Short web captions
++++++
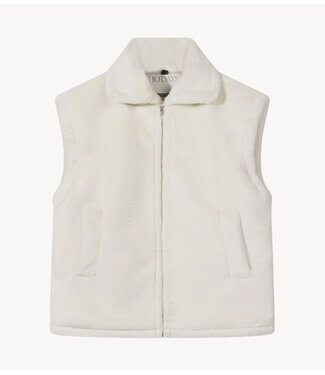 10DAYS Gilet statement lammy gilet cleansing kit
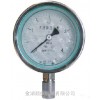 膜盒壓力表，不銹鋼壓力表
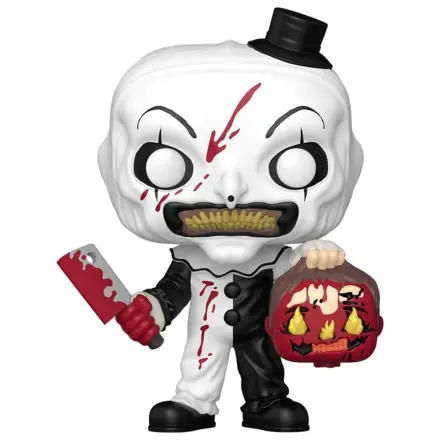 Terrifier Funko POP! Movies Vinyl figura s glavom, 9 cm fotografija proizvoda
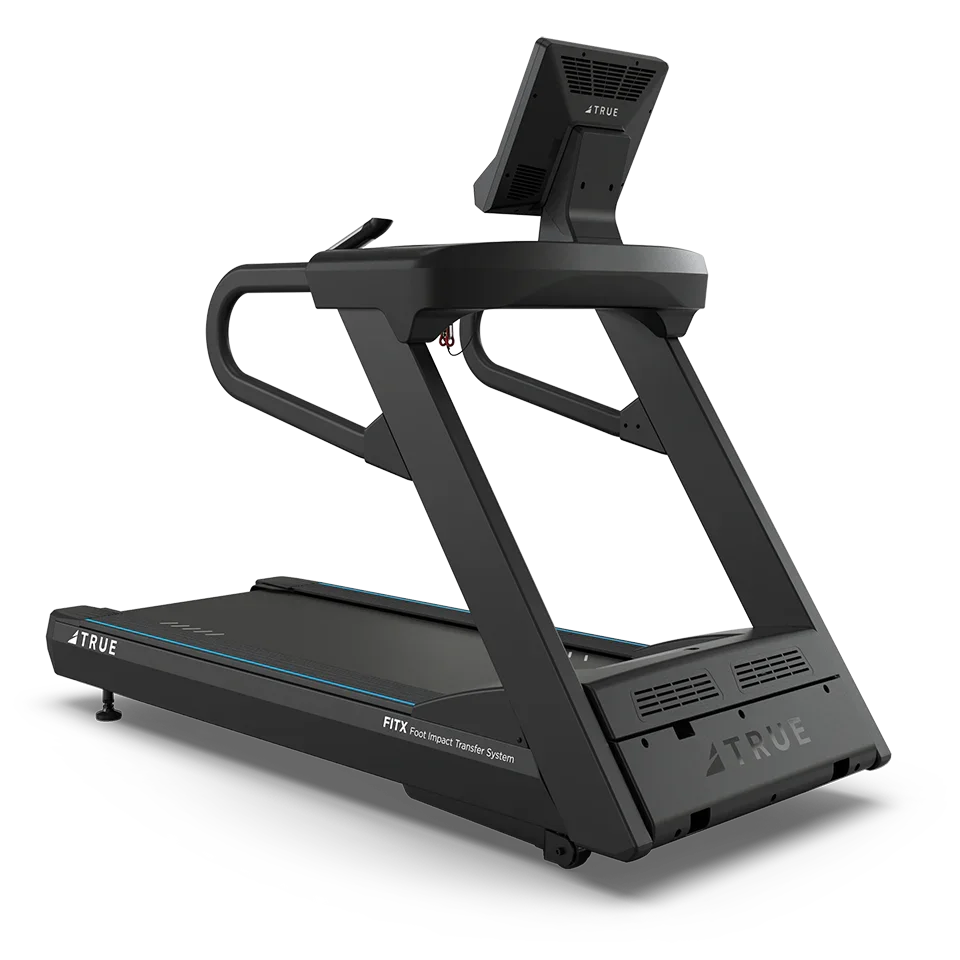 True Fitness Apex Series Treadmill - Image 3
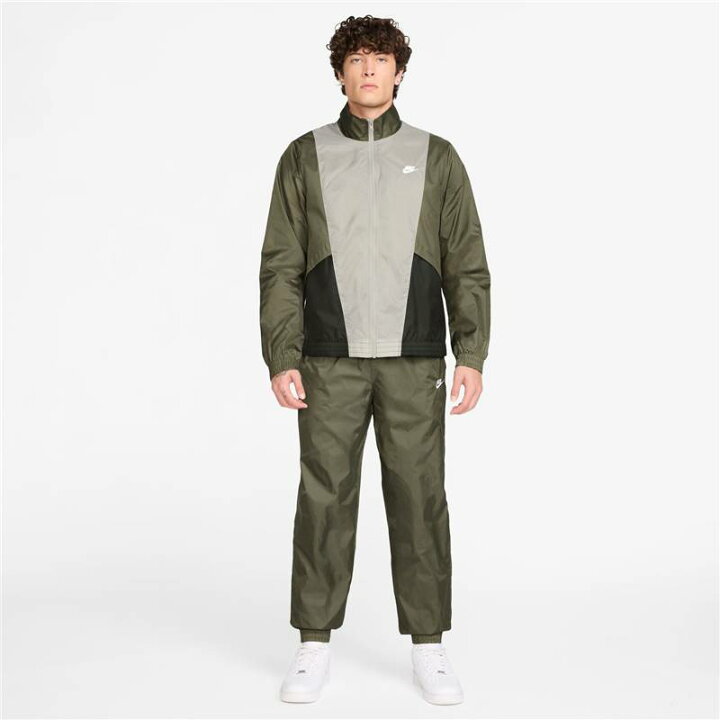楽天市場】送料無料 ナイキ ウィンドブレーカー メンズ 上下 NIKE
++++++
Brief: Each line above should be written out again exactly, without any image.

Written response:
 10DAYS Gilet statement lammy gilet cleansing kit
 膜盒壓力表，不銹鋼壓力表
 Terrifier Funko POP! Movies Vinyl figura s glavom, 9 cm fotografija proizvoda
 True Fitness Apex Series Treadmill - Image 3
楽天市場】送料無料 ナイキ ウィンドブレーカー メンズ 上下 NIKE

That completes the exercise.